■ DATA TO USE:
::::::
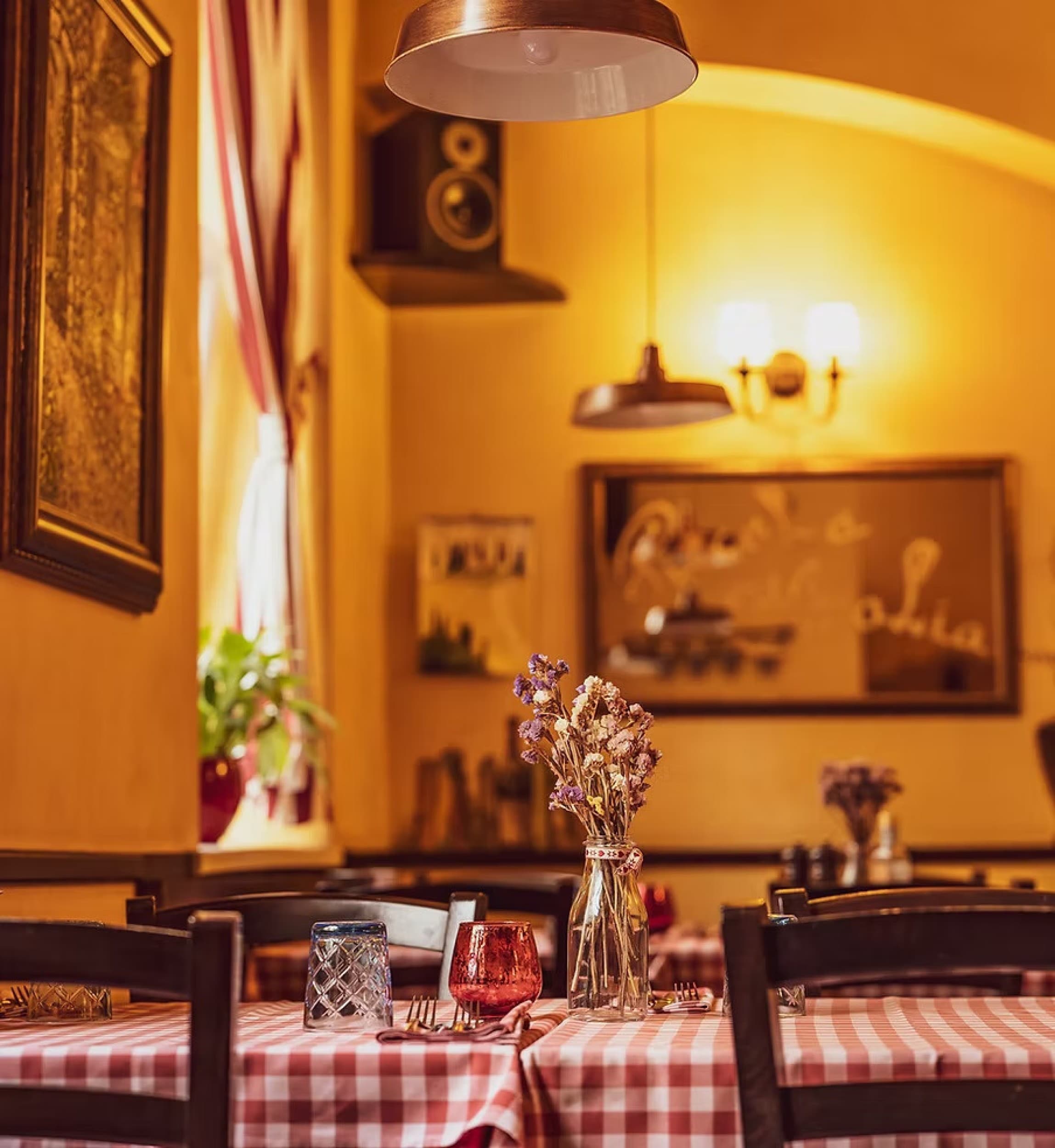 Vakarienė dviem restorane „Piccola Italia“ | Laisvalaikio Dovanos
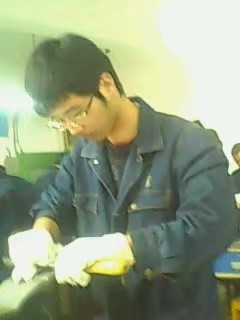 零灵的第一张照片--长春相亲服务中心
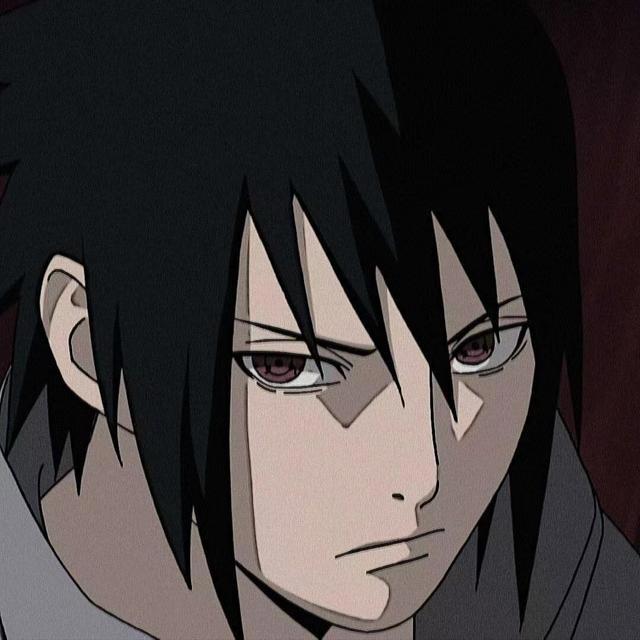 火影忍者头像混合包，喜欢的点赞拿走不谢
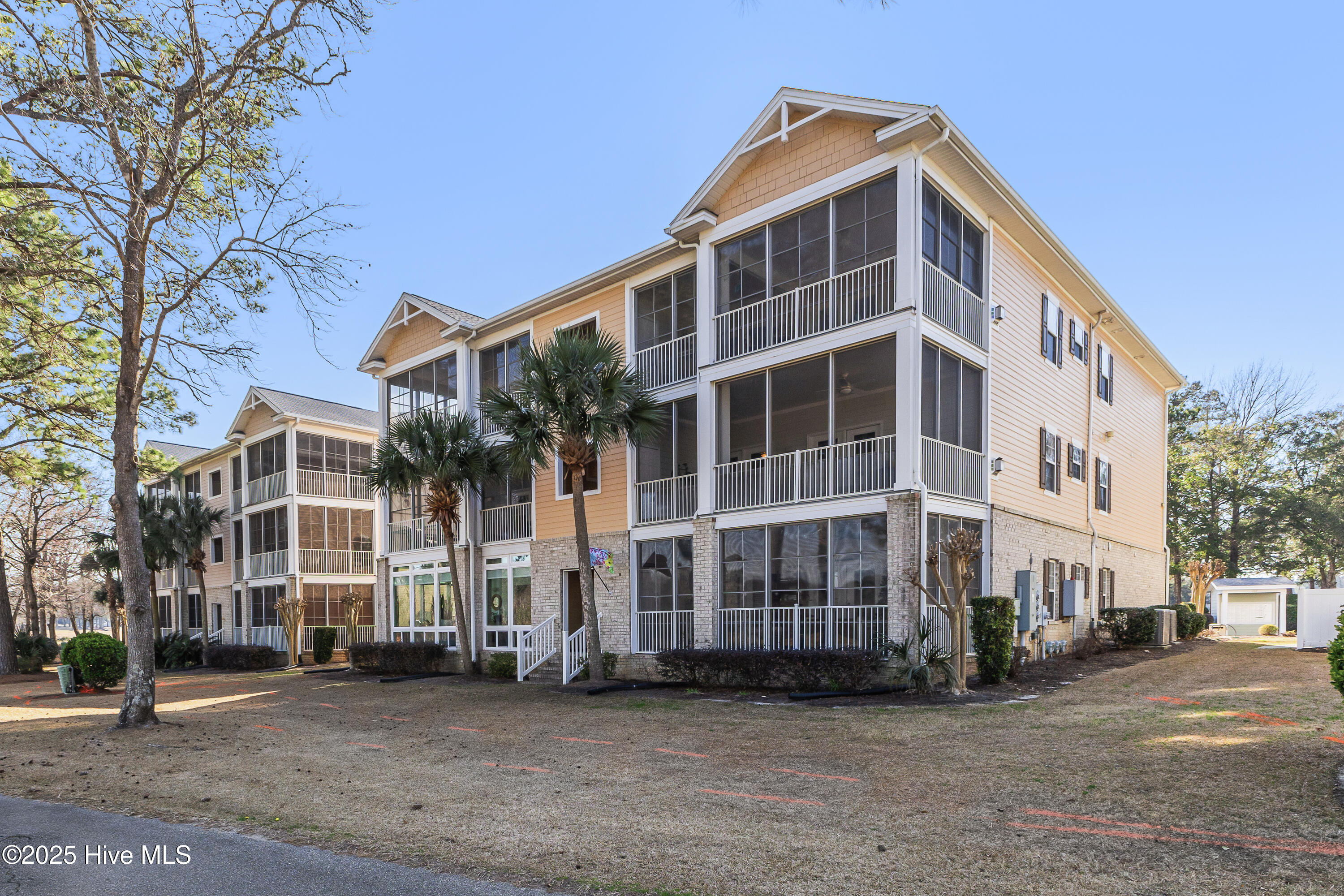 178 Clubhouse Road, Unit 3 Sunset Beach, NC 28468 - Photo 41 of 67 178 Clubhouse-38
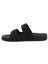 2116-BHM10 Tam Anatomik Unisex Tokalı Günlük Terlik - NKT02116-SIYAH-44 5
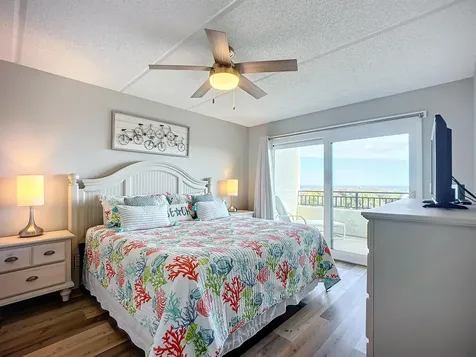 7780 A1a South Unit 109 St Augustine FL 32080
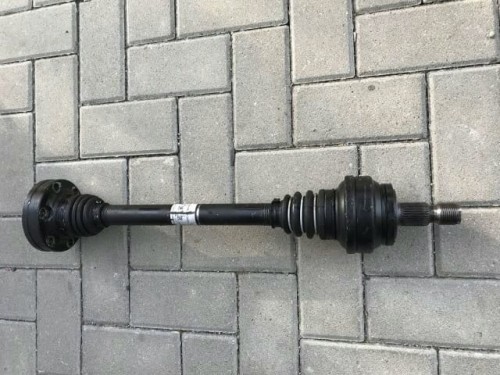 Mercedes SLR SLS A 1903501700 Półoś tył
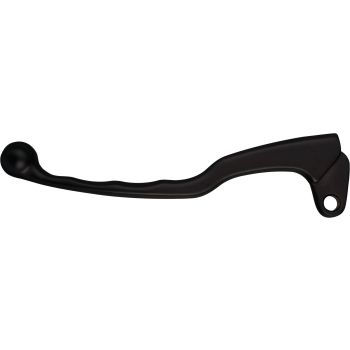 Clutch Lever, Matt Black (Heavy Duty Type, Alternative To Item 33003)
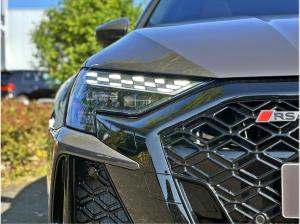 Audi RS3 SPORTBACK EXCLUSIVE 280 SCHALENSITZ PANO HuD MATRIX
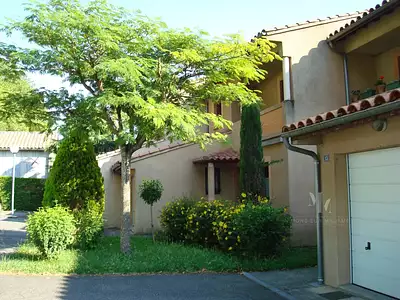 Maison, 90 m²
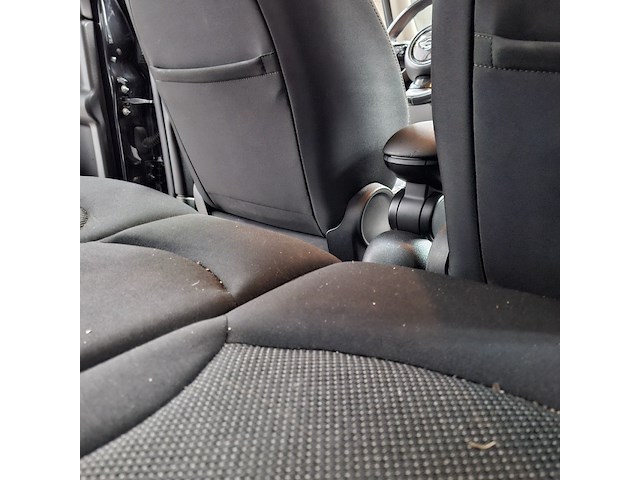 Personenauto, mini, mini countryman, 1.6 one business line, 2012 - afbeelding 28 van  52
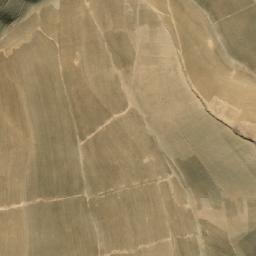 Satellite imagery of Pushtah-ye Shamōrghak, AF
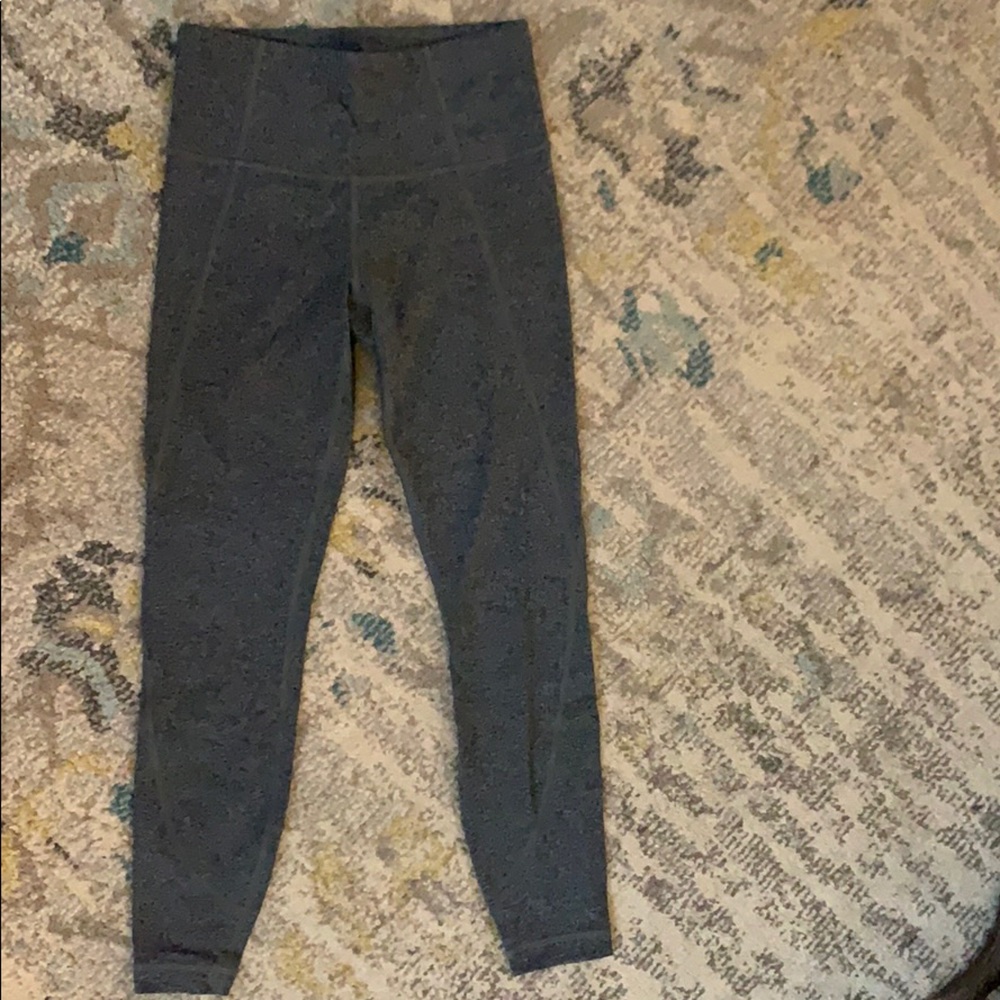 Athleta Salutation Tight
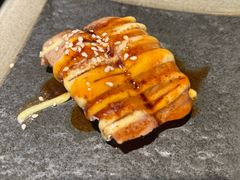 -沼津港精致料理·寿喜烧·烧鸟(龙湖南桥天街日料榜单店)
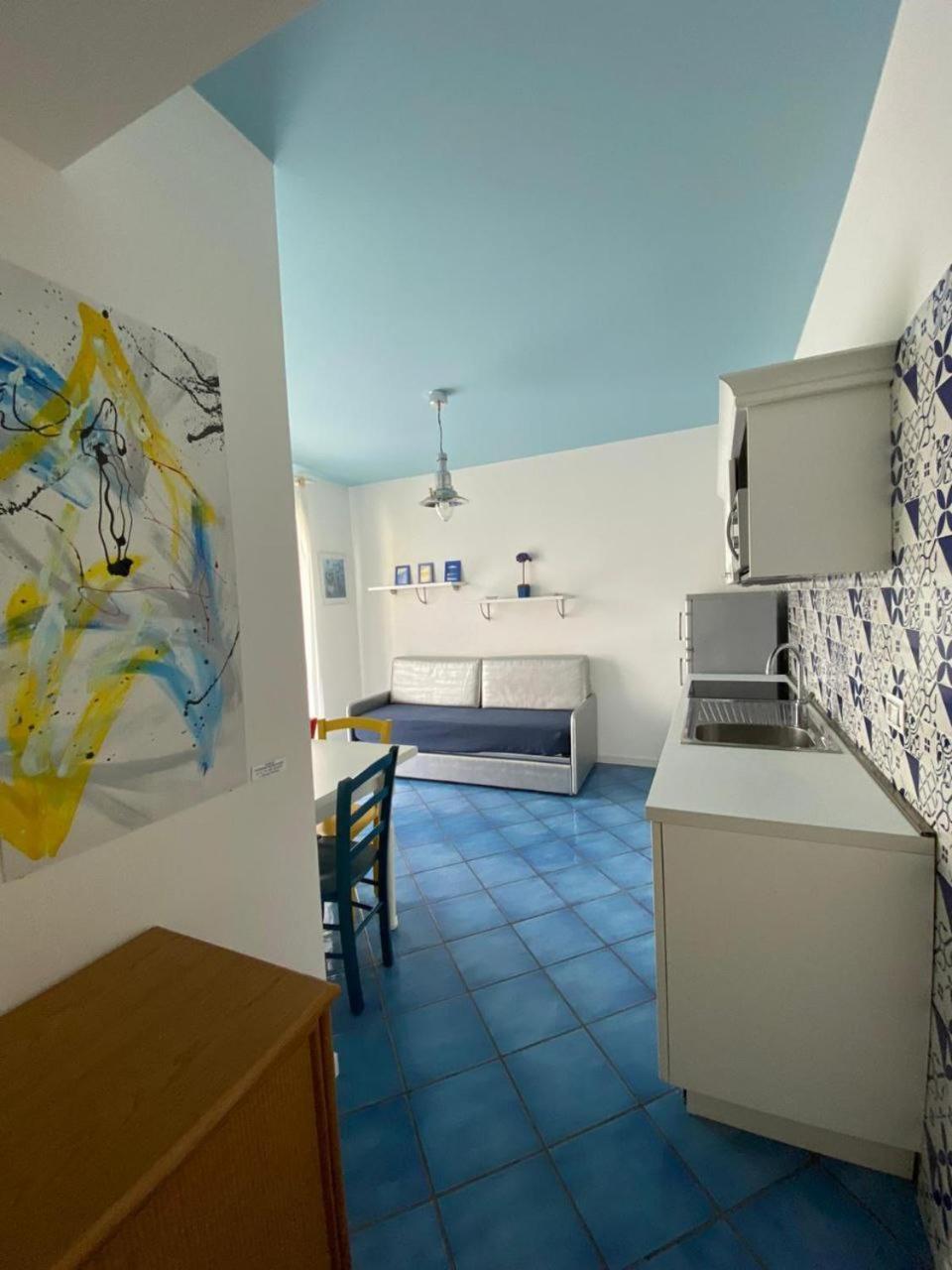 Residence Ambra リド・ディ・イエゾロ エクステリア 写真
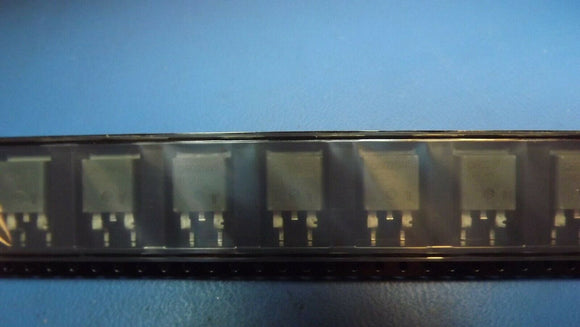 (2 PCS) Q6025N5 Q6025N5RP 600V 25A 50-50-50 mA TO263 ROHS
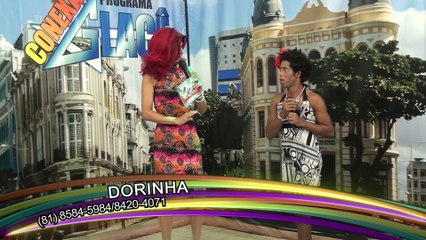 Conexão Glacê 1411 Domingo 03-05-2015 Bloco 3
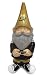 Purdue University Garden Gnome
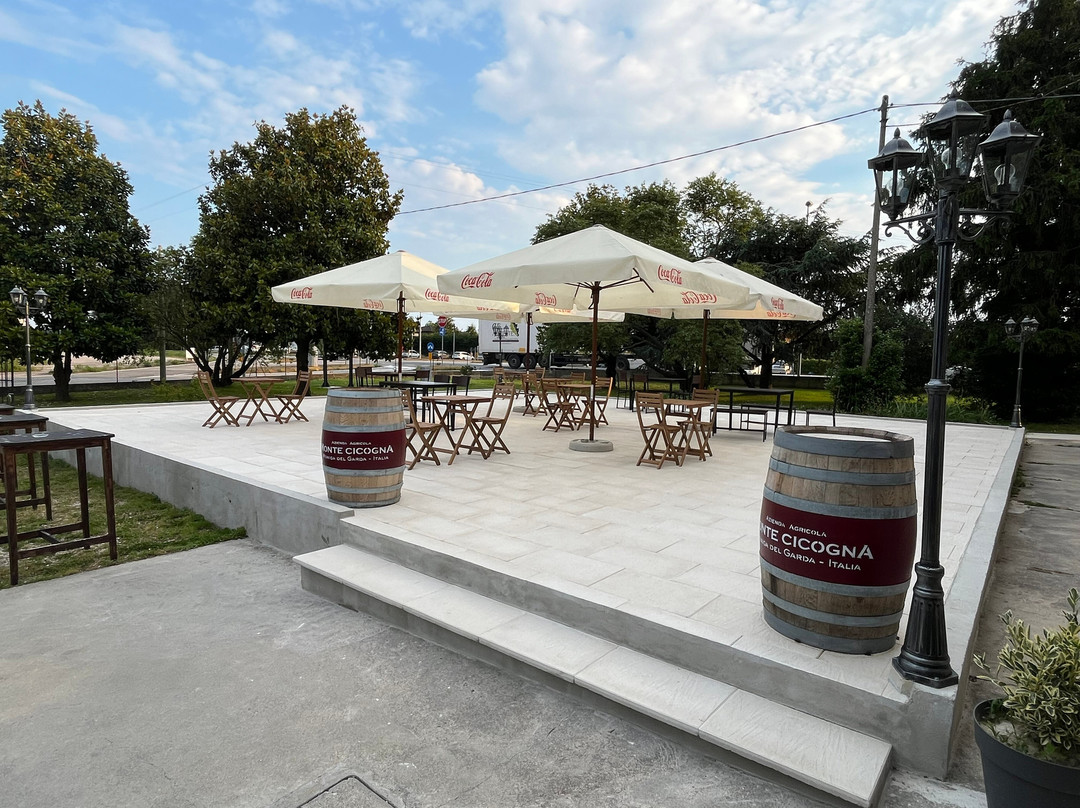 Osteria Magna & Beva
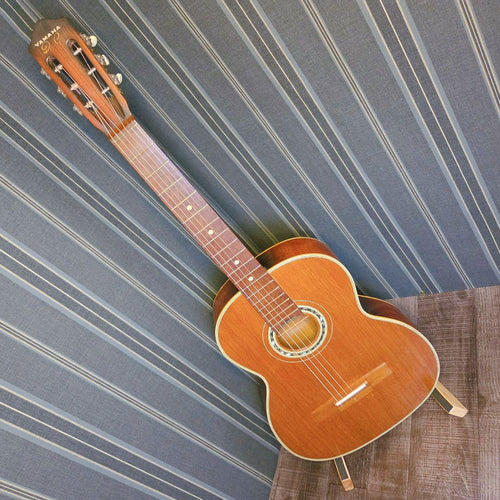 Yamaha Acoustic Guitars 0 No.4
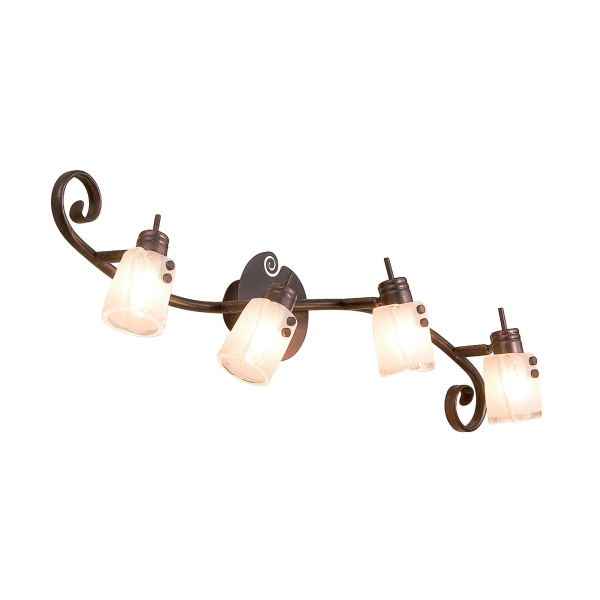 Citilux CL513541 Верона Светильник Наст.-Потол.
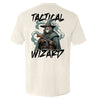 Tactical Wizard by Shield Republic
::::::
■ TASK TO COMPLETE:
In your transcription of the listing above, match each line exactly and include no pictures.

■ OUTPUT FOR THIS EXERCISE:
 Vakarienė dviem restorane „Piccola Italia“ | Laisvalaikio Dovanos
 零灵的第一张照片--长春相亲服务中心
 火影忍者头像混合包，喜欢的点赞拿走不谢
 178 Clubhouse Road, Unit 3 Sunset Beach, NC 28468 - Photo 41 of 67 178 Clubhouse-38
 2116-BHM10 Tam Anatomik Unisex Tokalı Günlük Terlik - NKT02116-SIYAH-44 5
 7780 A1a South Unit 109 St Augustine FL 32080
 Mercedes SLR SLS A 1903501700 Półoś tył
 Clutch Lever, Matt Black (Heavy Duty Type, Alternative To Item 33003)
 Audi RS3 SPORTBACK EXCLUSIVE 280 SCHALENSITZ PANO HuD MATRIX
 Maison, 90 m²
 Personenauto, mini, mini countryman, 1.6 one business line, 2012 - afbeelding 28 van  52
 Satellite imagery of Pushtah-ye Shamōrghak, AF
 Athleta Salutation Tight
 -沼津港精致料理·寿喜烧·烧鸟(龙湖南桥天街日料榜单店)
 Residence Ambra リド・ディ・イエゾロ エクステリア 写真
 (2 PCS) Q6025N5 Q6025N5RP 600V 25A 50-50-50 mA TO263 ROHS
 Conexão Glacê 1411 Domingo 03-05-2015 Bloco 3
 Purdue University Garden Gnome
 Osteria Magna & Beva
 Yamaha Acoustic Guitars 0 No.4
 Citilux CL513541 Верона Светильник Наст.-Потол.
 Tactical Wizard by Shield Republic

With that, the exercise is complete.